Mais en plus de cette humiliation d’être nu pour recevoir les coups il y avait les autres humiliations sans les coups. C’est pire car dans un groupe (surtout de garçons) le fait de recevoir la raclée et de la prendre relativement dignement donne une certaine aura. Le fait d’être humilié pas du tout.
Dans la maison de correction de Thaïlande j’ai subi ces humiliations devant les autres âgés de 13 à 21 ans... Quelle terrible honte lorsque vous êtes ainsi puni à 18 ans devant des gamins de 13 ans...
Mon beau père et les gardiens de la maison de correction (mais aussi les surveillants d’internat) avaient une imagination débordante lorsqu’il s’agissait d’humilier un gars !
La plus commune humiliation avant et après la fessée était le piquet, nu, bien visible dans un coin, face à un mur ou au milieu de la cour bien visible de tous les élèves. Pour agrémenter ce temps de réflexion souvent très long (toujours au moins une heure mais cela pouvait aller jusque 6 heures d’affilée) on pouvait se voir affubler d’un bonnet d’âne, d’une pancarte, faire le piquet debout, à genoux... beaucoup de variantes donc !
Le bonnet d’âne a été soit un tronc de cône d’environ 1m de haut avec le mot ANE (DUNKEY) ce qui était le cas en Thaïlande ou à la maison un bonnet formé d’une bande de carton agrémenté de deux oreilles d’ânes assez longues...
La pancarte était en général autour du cou et portait des mentions humiliantes : JE SUIS UN ANE BÂTE, JE SUIS UN CRETIN, I AM A STUPID BOY... Cela rabaisse bien l’orgueil croyez moi
Le piquet debout mains sur la tête ou mais en haut portant un objet lourd, mains devant tenant aussi un objet lourd ou un instrument de punition, position de l’avion, penché cuisses écartées bras en arrière tenant la cane ou un autre instrument de punition...
Le piquet à genoux pouvait se faire sur le sol dur, sur une règle en bois ou en métal carrée ou triangulaire, sur du riz sec ou des grains... La punition est dure jamais plus longue qu’une demi-heure mais couplée avec un piquet debout...

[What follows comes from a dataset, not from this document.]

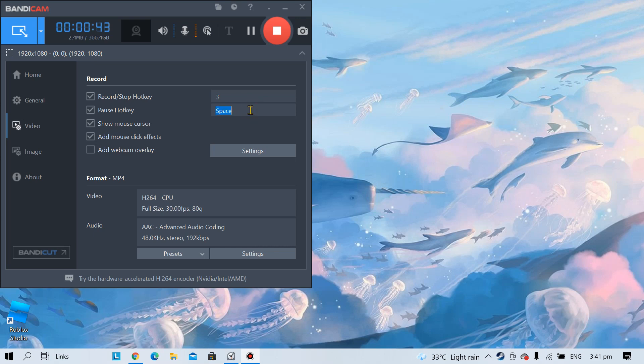To pause your hotkey you put like D. When you press D it will pause the recording. If I want to press G to record or stop the recording I will press G and then there you go.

Très prisé par mon beau père et par les gardiens là aussi. Il s’agit de faire faire un travail si possible totalement sans intérêt voire inutile au puni, en le contrôlant avec éventuellement une fessée s’il n’exécute pas correctement la tâche.

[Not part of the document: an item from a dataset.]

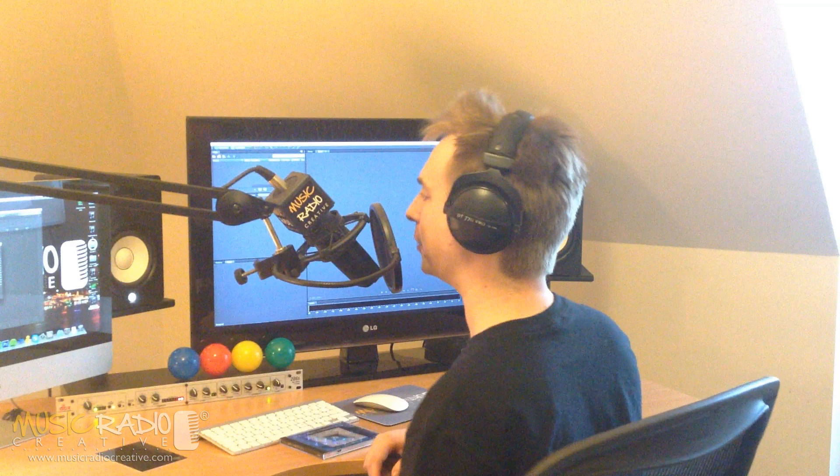Hello, this is Mike Russell from MusicRadioCreative.com. I had a question from Tom Wilson, who asked me, is it possible to do CD ripping in Adobe Audition?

Nettoyer le hall avec une brosse à dents, couper l’herbe avec une paire de ciseaux, déplacer des tas de cailloux d’un coin à l’autre de la cour jusqu’à avoir fait faire tout le tour aux cailloux (un à un et en courant par exemple), nettoyer les toilettes bien sûr un grand classique, améliorer le revêtement de la cour en balayant et en l’aplatissant avec un rouleau, repeindre un bâtiment ou un mur...
J’ai pratiquement toujours effectué ses travaux nu ce qui ajoutait évidemment à l’humiliation.
Les travaux d’écritures débiles
Pas beaucoup plus utiles étaient les lignes, le recopiage de définitions du dictionnaire, le recopiage de textes édifiants ou le noircissement de petits carreaux sur une ou plusieurs pages.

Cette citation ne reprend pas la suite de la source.